While we still have a long way to go to position our products effectively to consumers, the recognized need for doing so is the first step in the process of making it happen. Business as usual won’t allow us to grow and increase consumption; we need to market more effectively against all of the other consumer choices. This is especially true in view of the increase of new producing regions like Africa, Mexico and the Far East; additional quantities will come to market, and, unless we build consumption, it will depress prices, and we’ll end up lowering our perceived value proposition with the consumer because we’ll be forced to continue to market on the merits of price alone.

In retrospect, 2004 wasn’t a great year for floriculture categories, no matter what channel, category or segment you played in. But there is a faint glimmering light at the end of the tunnel, one that can change our relationship with consumers to benefit both them and us. Understanding consumers, their needs and desires, the drivers for their purchasing behaviors, offering not just stuff at a price but rather satisfying their innate and intrinsic needs that our products can do better than most of the other choices available … we have the opportunity to change, but do we have the commitment and motivation?

Pohmer’s predictions for 2005
PREDICTION New growing areas (i.e. Mexico, Vietnam and even China), especially for cut flowers, will start penetrating the U.S. market, causing further competitive/cost challenges to growers from current markets, exacerbating the supply/demand balance. Price will become an even more important component of the negotiating process until we can
start focusing on building consumption.

PREDICTION Because of some of the recent problems experienced with viruses and bacteria on imported products, there will be a movement toward more governmental controls and standards to monitor imported products.

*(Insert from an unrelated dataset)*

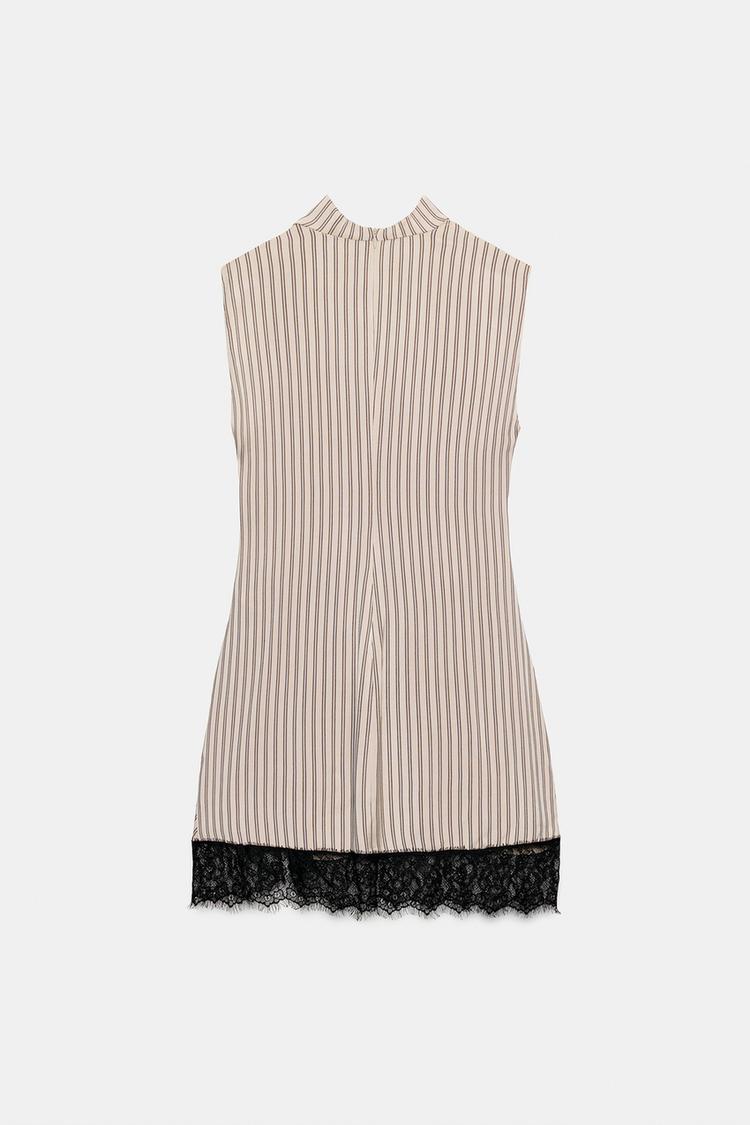 ROBE COURTE À RAYURES ET DENTELLE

PREDICTION As an industry, floriculture will finally start to take steps to focus on building consumption of our products. These efforts may include new research into consumer purchasing behaviors and barriers; cooperative efforts between channels and
segments; and more support for generic, non-price-focused consumer promotion and education.

PREDICTION Growers, whether they are playing in the “pay by scan” game or not, will begin to better understand the retail process and develop programs and services beyond just providing products.

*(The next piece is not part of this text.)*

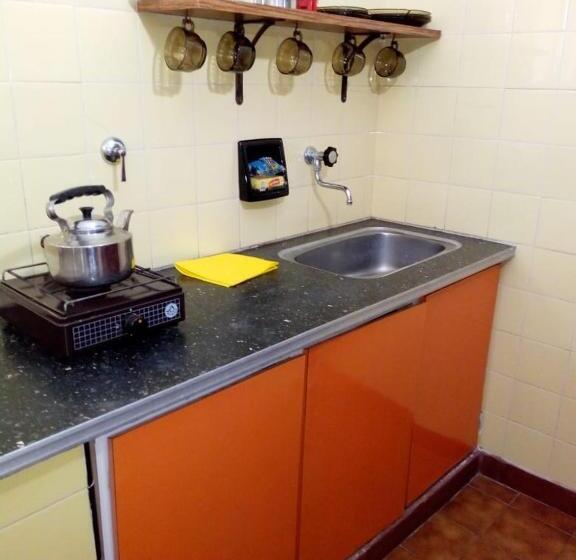 침실 2개 아파트, Bqs House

PREDICTION On the retail level, the supermarket channel will ramp up its consolidation efforts, the warehouse clubs (e.g. Sam’s Club and Costco) will expand their floral offerings and Kmart/Sears will close garden centers as they convert Kmart stores to the Sears Grand strategy and sell off/close more real estate.

Stan Pohmer’s predictions for 2004

PREDICTION The focus on price value will continue to grow and dictate retailer assortments and pricing, especially in the mass markets.
GRADE Unfortunately, an A+.

PREDICTION Larger growers will find themselves partnered with single large retailers, creating high risk.
COMMENTS The advent of “pay by scan” will force this as a reality, but the challenge is real, too. Just ask some of the former Frank’s Nursery & Crafts suppliers.

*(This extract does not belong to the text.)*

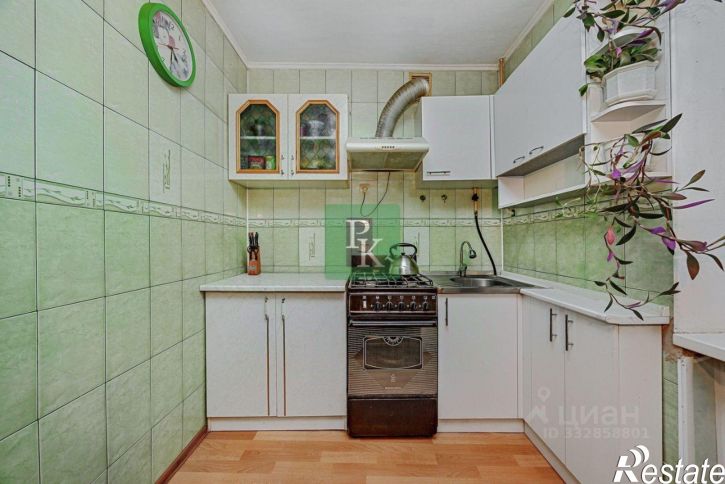 3-комн квартира ул Софьи Перовской, 50,  д. 50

PREDICTION As “pay by scan” gets more discussion and payroll pressures at retail become more challenging, suppliers will be asked to take on more in-store activities and absorb more of the financial risks.
COMMENTS Although the concept didn’t roll out in 2004, the discussions have forced suppliers to start the “learning curve” and get set for the rollout in 2005.

PREDICTION Geographic affinity groups and their suppliers will partner with some of the industry’s existing consumer marketing efforts to help increase consumption.
COMMENTS The Connecticut and Michigan state floral associations partnered with the Flower Promotion Organization in 2004. But as an industry, we haven’t yet embraced the understanding that we all need to focus on the consumer to build consumption.

PREDICTION There will be a consolidation of growers, and the smaller ones that specialize on higher production crops will prosper, but the smaller ones that try to compete
against the mega growers will fail.
COMMENTS The mega growers continue to take business from the smaller, non-differentiated producers, but other smaller growers have banded together to market cooperatively (e.g. VIVA! branded plants).